BT aims for first European live dwdm network
By EDWARD HARROFF
In the newly deregulated European markets, telecommunications carriers are viewing dense wavelength-division multiplexing (dwdm) technology as a competitive advantage. A bold example of this is in Europe`s most competitive long-distance communications market--the United Kingdom. British Telecom (BT) is running two pilot long-distance network links using 16-channel dwdm systems, moving the company another step closer to a high-capacity all- optical transport network for that country.
The two new links--one of 200 km between Belfast, Northern Ireland, and Carlisle, UK, and another from Newcastle, UK, to Edinburgh, Scotland (see figure on page 26)--will be able to move network traffic at speeds to 40 Gbits/sec (to 2.44 Gbits/channel). This is 16 times faster than is possible on existing long-distance optical-fiber systems in Europe.

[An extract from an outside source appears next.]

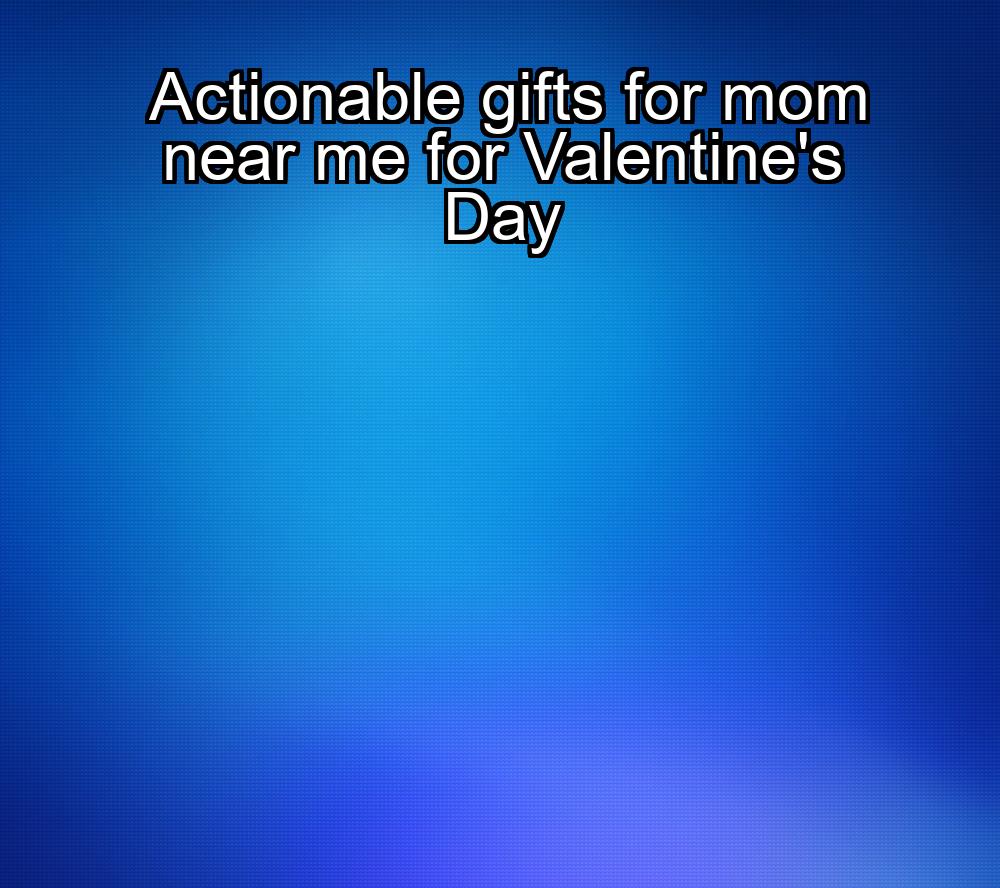 actionable-gifts-for-mom-near-me-for-valentines-day-1737448883-1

Ewart Lowe, of BT Laboratories` Optical Design and Planning Group (Martlesham Heath, UK) says, "Eleven suppliers responded to BT`s invitation-to-tender for these dense wdm launch projects, and four were short-listed. wdm suppliers had to offer more than just a 16-channel wdm system to meet BT`s strict requirements. The four principal components needed to win BT`s approval were 16-channel wdm features, multistandard transponder interface support (more than just Synchronous Digital Hierarchy), optical protection switching, and remotely managed network management systems."
These launch systems, which will operate on two of the longest and busiest routes in the United Kingdom, are expected to enter service this year. The technology will be installed on both direct and backup routes between the locations, working with two key suppliers: Ericsson on the Edinburgh-to-Newcastle route and Lucent Technologies on the Belfast-to-Carlisle route. BT is aiming to make these links the first in Europe to carry live traffic via dwdm.
Jim Jackson, BT`s core transmission strategy manager, says, "This technology will enable BT to develop its optical network to cope with increasing bandwidth demands as well as further improve its efficiency and resilience. Because these networks can use existing fibers, dwdm represents an extremely speedy and cost-effective way of increasing network capacity."
The two new routes will include two radical new features--optical protection switching and a transparent transponder interface--not currently implemented in terrestrial wdm systems deployed elsewhere in the world, according to BT.
Optical protection switching can automatically restore the entire link in the event of a complete failure (such as a cable break) so that the problem is imperceptible to customers, and services are not affected. This is achieved by optically switching all 16 wavelengths to an alternative route in less than 50 msec (one-twentieth of a second). This is important for this type of wdm system, which has the potential to carry up to half a million voice calls, and particularly in the case of the Belfast-Carlisle submarine link, which is exposed to the risks of damage by trawlers in the Irish Sea.
The second unique feature, the transparent transponder interface to the wdm system, will allow BT`s large existing optical network to be loaded and protected on the wdm system, along with new Synchronous Digital Hierarchy systems being deployed for network growth. According to Jose Maria Daza of Ericsson, "The erion family of systems work with all existing transport network equipment, not just fibers, by simply plugging in the optical outputs from an existing network system, atm [Asynchronous Transfer Mode] switches, or other network components." This removes the need for fiber building on long routes, while enhancing the resilience of BT`s existing optical-fiber network and providing an excellent platform for atm and Internet protocols (e.g., fast IP interconnect).
Lowe sums up his group`s objectives by explaining, "This deployment shows BT carrying the torch in optical network development and, with commercial network products now becoming available, the many years of research work on wdm at BT Laboratories is coming to fruition. These first wdm systems will form the building blocks for a national optical transport network which will carry BT into the twenty-first century." q
Edward Harroff writes from Bellevue, Switzerland.